Ręka w górę kto ma takich znajomych tutaj. Strzelam, że Ty jesteś w mniejszości, a nie ja

No ja wlasnie mam takich znajomych, o ktorzy napisalem powyzej, dlatego o tym pisze. :)
 
Ostatnia edycja:

armanig

Klub HDTV.com.pl
VIP
U właściciela Polsatu kiedyś zawsze stały dwie S-klasy pod budynkiem, ciekawy jestem jakby się z nim obeszli.
Już to widzę : )

No i gdzie teraz się te wszystkie prostytutki jutubowe?
 

lolo2

Well-known member
Bez reklam
Okoliczna firma w mojej okolicy.

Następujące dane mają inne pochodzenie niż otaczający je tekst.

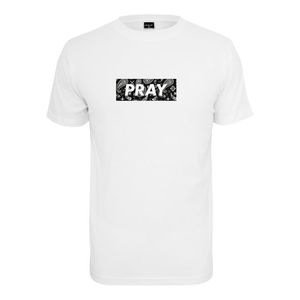 Pánske tričko MR.TEE Bandana Box Pray Tee Farba: white, Veľkosť: L vyobraziť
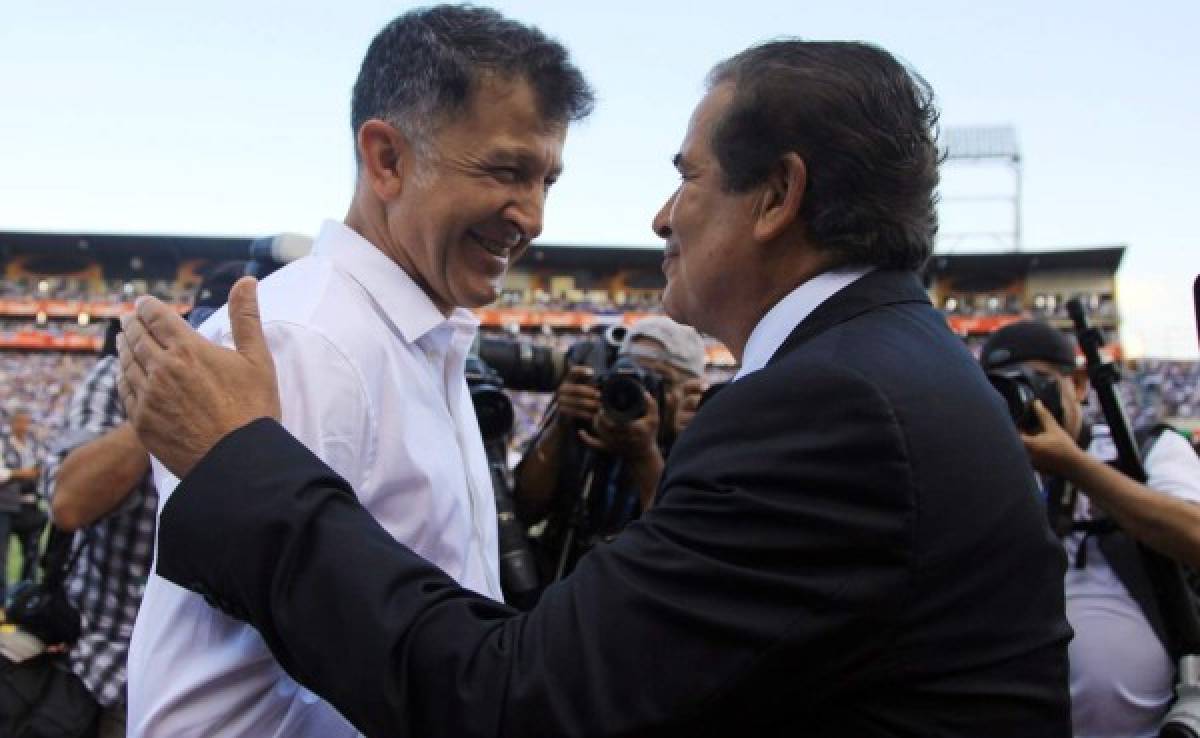 Juan Carlos Osorio analiza el trabajo de Pinto en Río 2016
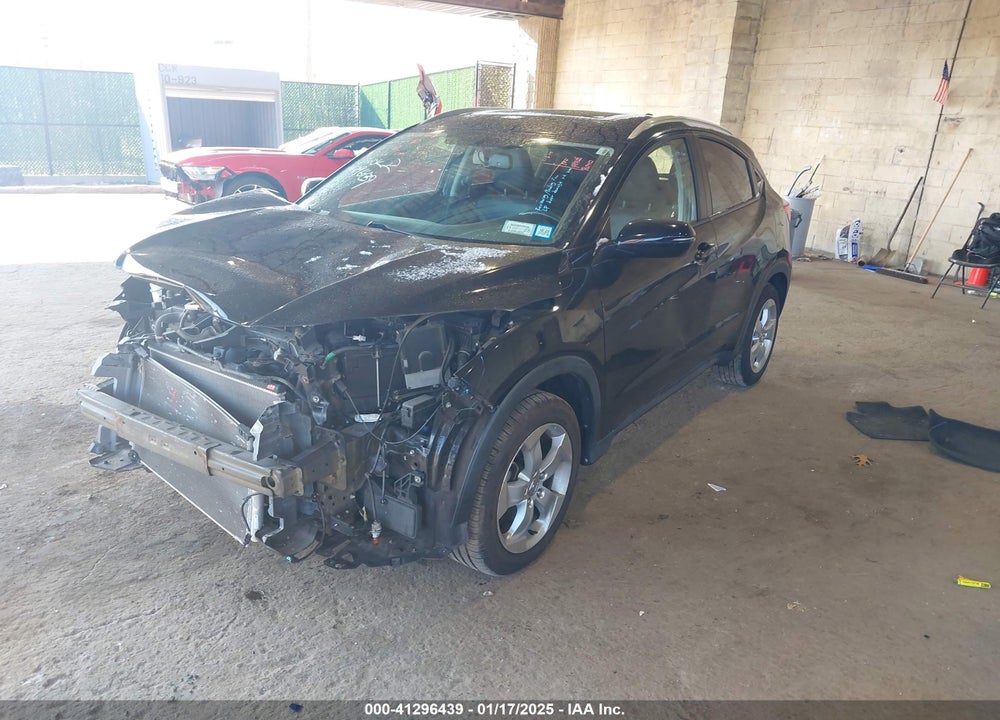 2016 HONDA HR-V EX-L VIN: 3CZRU6H79GM723153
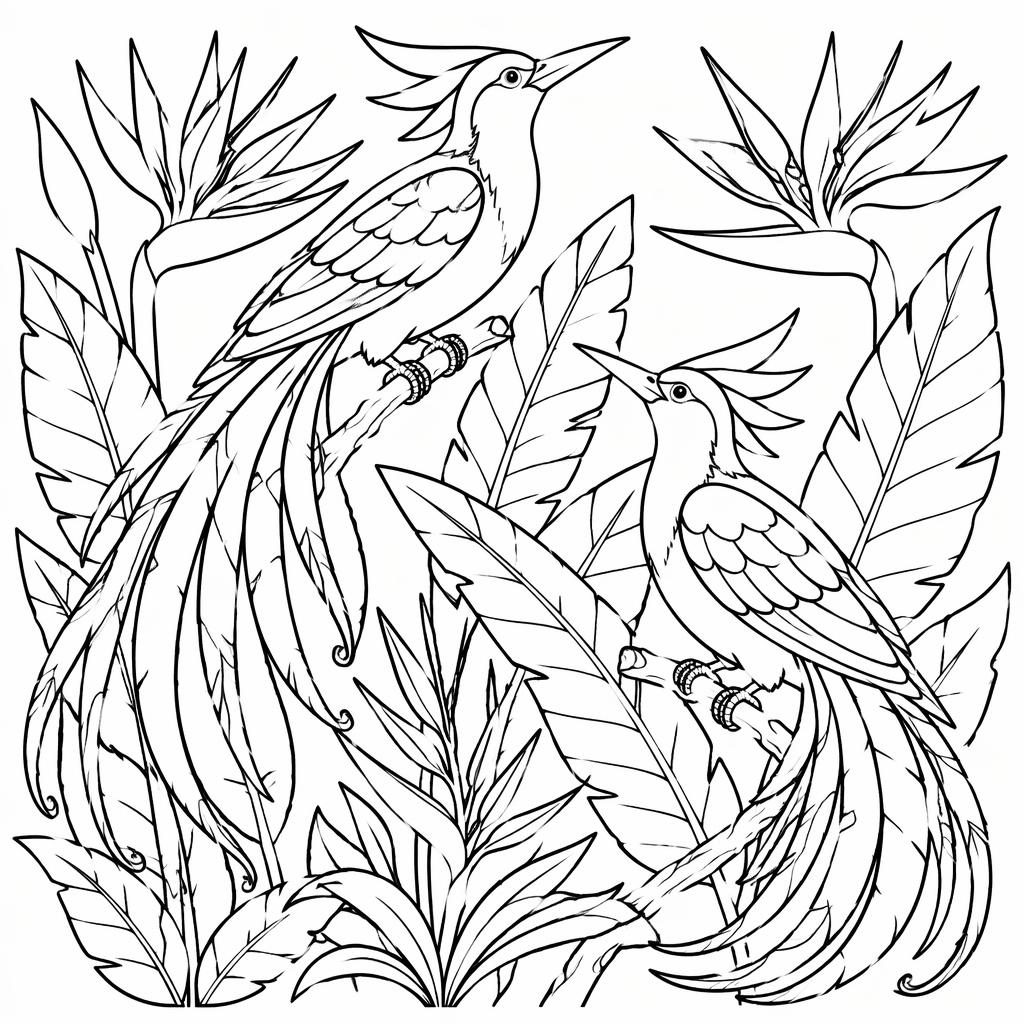 Ilustración para colorear en blanco y negro de un barco estilo cartoon, con contornos limpios y detalles simples.
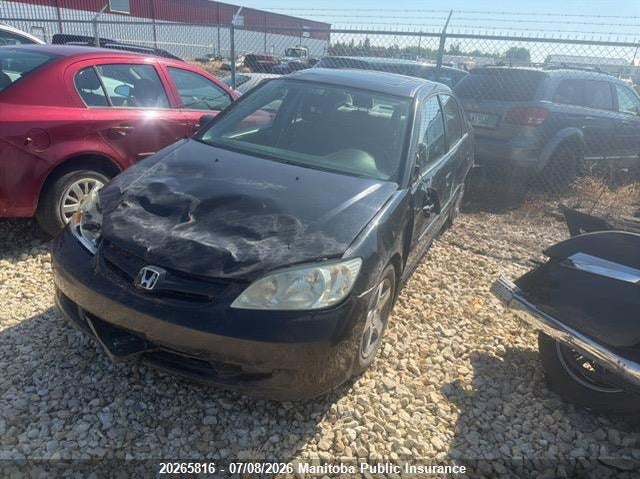 2004 HONDA CIVIC SI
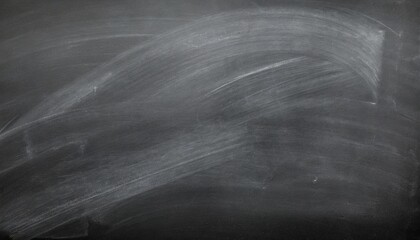 Wall Mural - abstract texture of chalk rubbed out on blackboard or chalkboard background concept for education ba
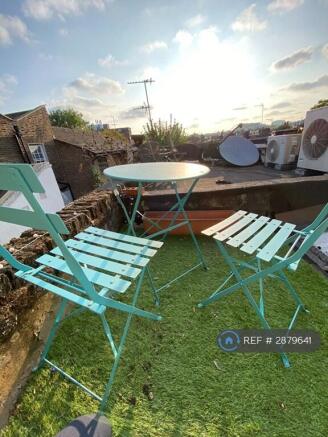 Roof Terrace (Shared With One Other Flat)
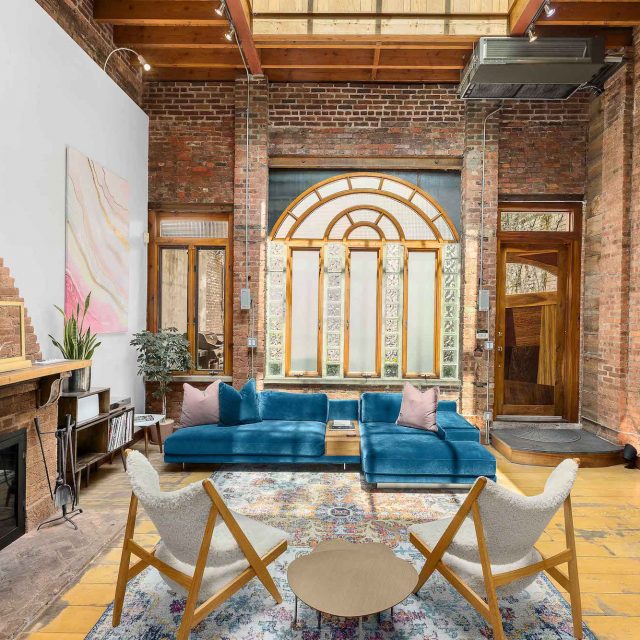 Kate Moss and Johnny Depp’s former Greenwich Village apartment asks $15.5M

Ktora ma swoja spedycje ponad 300 samochodow, wszystkie to Mercedesy.

Serwis Mercedesa jest tak swietny "podobno" ze jak jechalo auto na wymiane mostu na gwarancji to wymienili.... Z jednego auta do drugiego :) Zamienili miedzy autami tego samego wlasciciela :)
Taka wojne dalo ze teraz auta serwisowane sa w innym serwisie. Tzn tez mercedesa ale w innym rejonie xD

A firma wymienia flote, na Volvo i Scanie - - chyba narazie testuja ktore lepsze.
Jak dla mnie jeden ciul jaka marka. Wazne zeby trafic na ludzi, ktozy wiedza co robia, jak robia i potrafia wziasc wine na klate.


A znowu z moja corolla. Chcieli mi wmowic ze zle paliwo tankuje i katalizatory siadaja. Nosz takiej wk#$&ione zony to ja dawno nie widzial :) Ten koles z serwisu chyba tez nie xD
Skonczylo sie na tym ze zresetowali kontrolke i "obiecali" ze jak znowu sie pojawi to wymienia katalizatory na gwarancji.

Nie tankuje nigdzie indziej paliwa niz Orlen czy Shell.